Image: TT Games/Warner Bros. Interactive Entertainment via Polygon

  • During the final duel on Exegol in The Rise of Skywalker, Palpatine exclaims “Rey. Pah! I wanted them to call you ‘Kira.’ Sounds so much cooler.” Kira is the name of Rey’s closest counterpart in George Lucas’ unused outline for Star Wars: Episode VII.
  • In the Southeast corner of Lake Paonga on Naboo, and you’ll find what appears to be a copy of the original LEGO Star Wars video game floating in a box on the water. (You can’t pick it up, unfortunately.)
  • In the middle of the chase through the asteroid field in The Empire Strikes Back, there’s a gag in which we can see the Millennium Falcon from above as it spins around, firing projectiles in all directions, like in the classic arcade game Asteroids.
  • After the boss battle against First Order Stormtrooper FN-2199 in The Force Awakens, the trooper gets back up and attempts to dazzle Finn and Han Solo by waving his shock baton around theatrically. Solo responds with a shrug and lazily aims his pistol back at the trooper. This scene is staged to echo the famous gag from Raiders of the Lost Ark in which Indiana Jones (also co-created by George Lucas and played by Harrison Ford) brings a gun to a swordfight.

Clairvoyant Call-Forwards

C-3PO wears a wig in The Empire Strikes back in Lego Star Wars; The Skywalker Saga

Image: TT Games/Warner Bros. Interactive Entertainment

The Skywalker Saga also offers its storytellers the opportunity to add jokes to the original trilogy that call forward to stories that were created much later:

  • While installing the Falcon’s sensor dish at Docking Bay 94 in A New Hope, Han remarks, “Do you know how hard it is to find a round dish? Quit shooting it!” After the Falcon’s round sensor dish is lost during the Battle of Endor, it’s replaced with the rectangular one seen in The Force Awakens and The Last Jedi.
  • In The Empire Strikes Back, during the mission to reconfigure the signal towers to boost the missing Luke’s signal, Han asks General Rieekan why the Rebels haven’t thawed out the bridges to the third tower yet. Rieekan replies: “In his climate? That’d be about as fruitful as herding rathtars.” That’s exactly what Han and Chewie are up to at the beginning of The Force Awakens.
  • When Lando Calrissian comes to greet the crew of the Millennium Falcon at Cloud City in The Empire Strikes Back, a wig falls onto C-3PO’s head. Instead of coming on to Leia (as Calrissian did in the film), Lando delivers the same flirtatious dialogue to C-3PO, again alluding to his romantic relationship with L3-37 in Solo.

Final Reward

These are the highlights we’ve discovered after one playthrough of the full story mode, and completing a mere 36% of the game’s puzzles and mini-games.

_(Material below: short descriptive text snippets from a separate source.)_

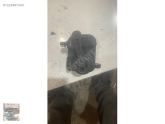 03P129086B vw polo 1.2 tdi emme manifold kelebeği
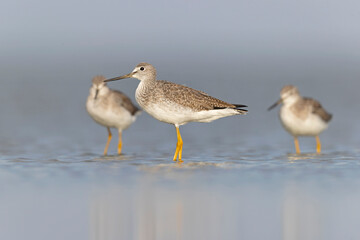 Greater yellowlegs (Tringa melanoleuca) resting and foraging at the mudflats of Texas South Padre Island.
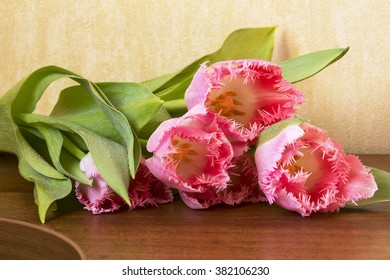 Tulips on the table 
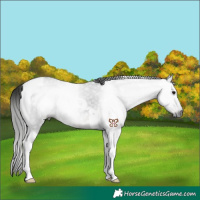 Horse Color:Gray Black Tobiano 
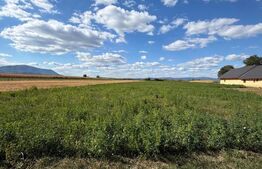 Teren intravilan, Puz aprobat parcele intre 500 - 700 mp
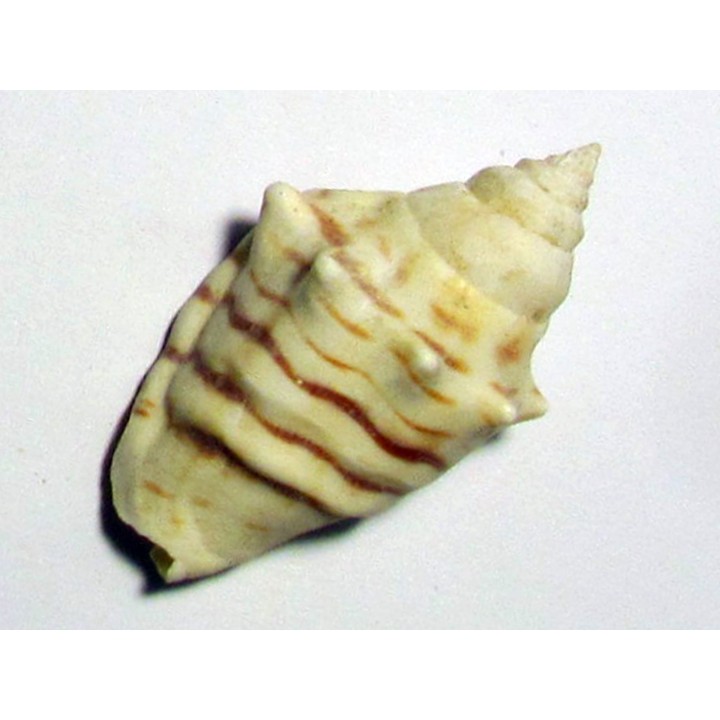 Strombus fasiatus
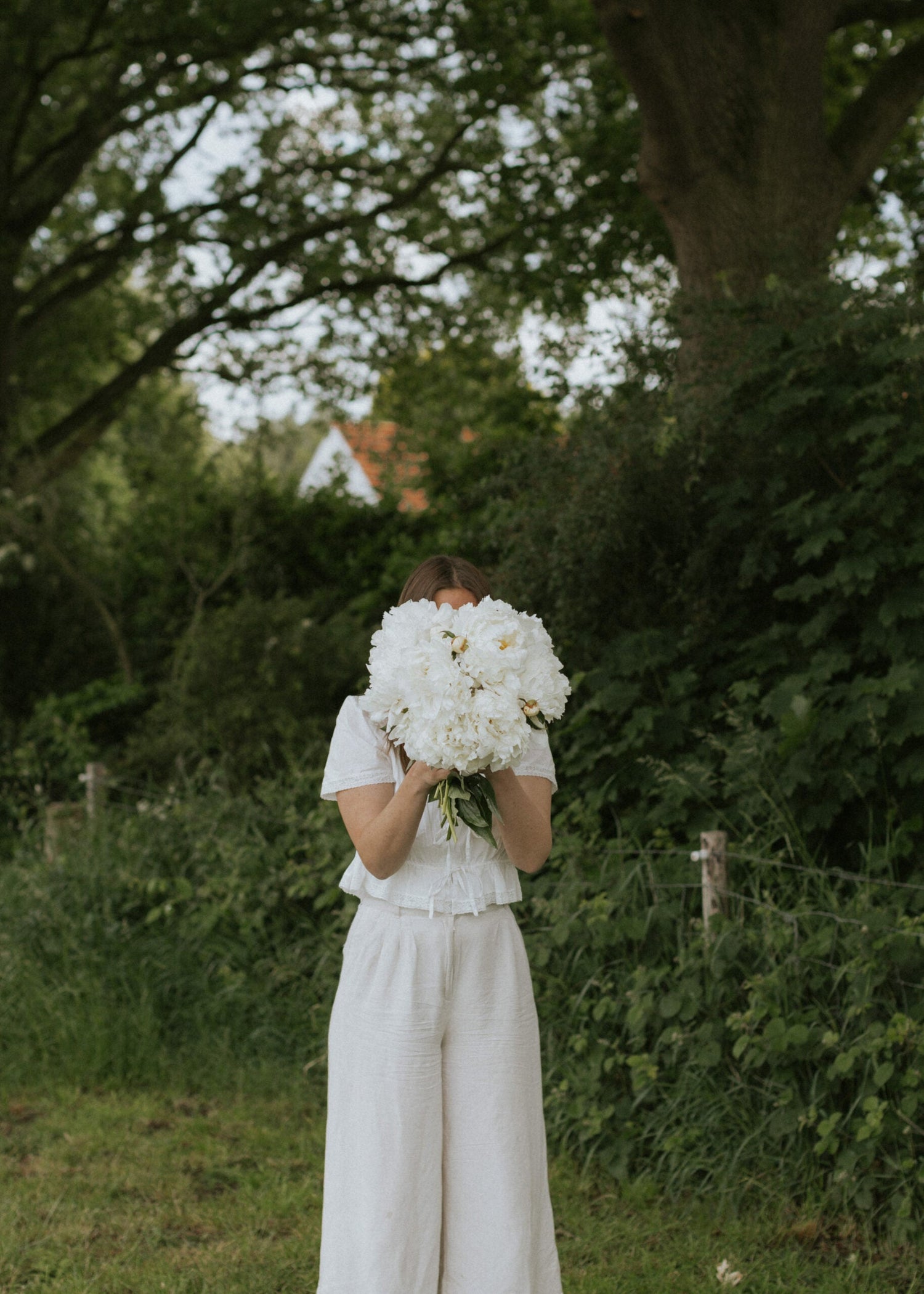 Peony - Bowl of Cream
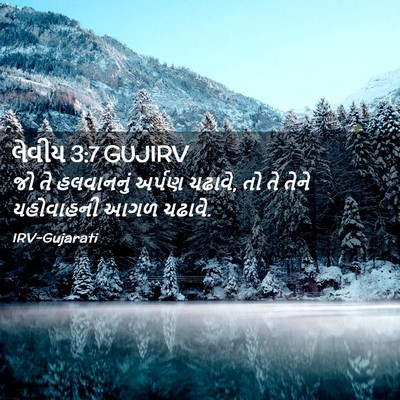Picture 02 - લેવીય 3:7 GUJIRV - જો તે હલવાનનું - Bible Verse Picture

We’ve yet to experience it ourselves, but a Rebel trooper on Yavin 4 teases that there’s a special reward awaiting players who reach 100% game completion. Once you’ve collected everything there is to collect in The Skywalker Saga, make your way to the throne room near the top of the Temple on Yavin 4 (where Luke and Han receive their medals at the end of A New Hope). There, you’ll find the main cast of the series standing around a single switch giving you a round of applause. Throw the switch, and enjoy a dance remix of the saga’s musical themes and an endless fountain of studs to spend on … well, nothing. You’ve already bought everything.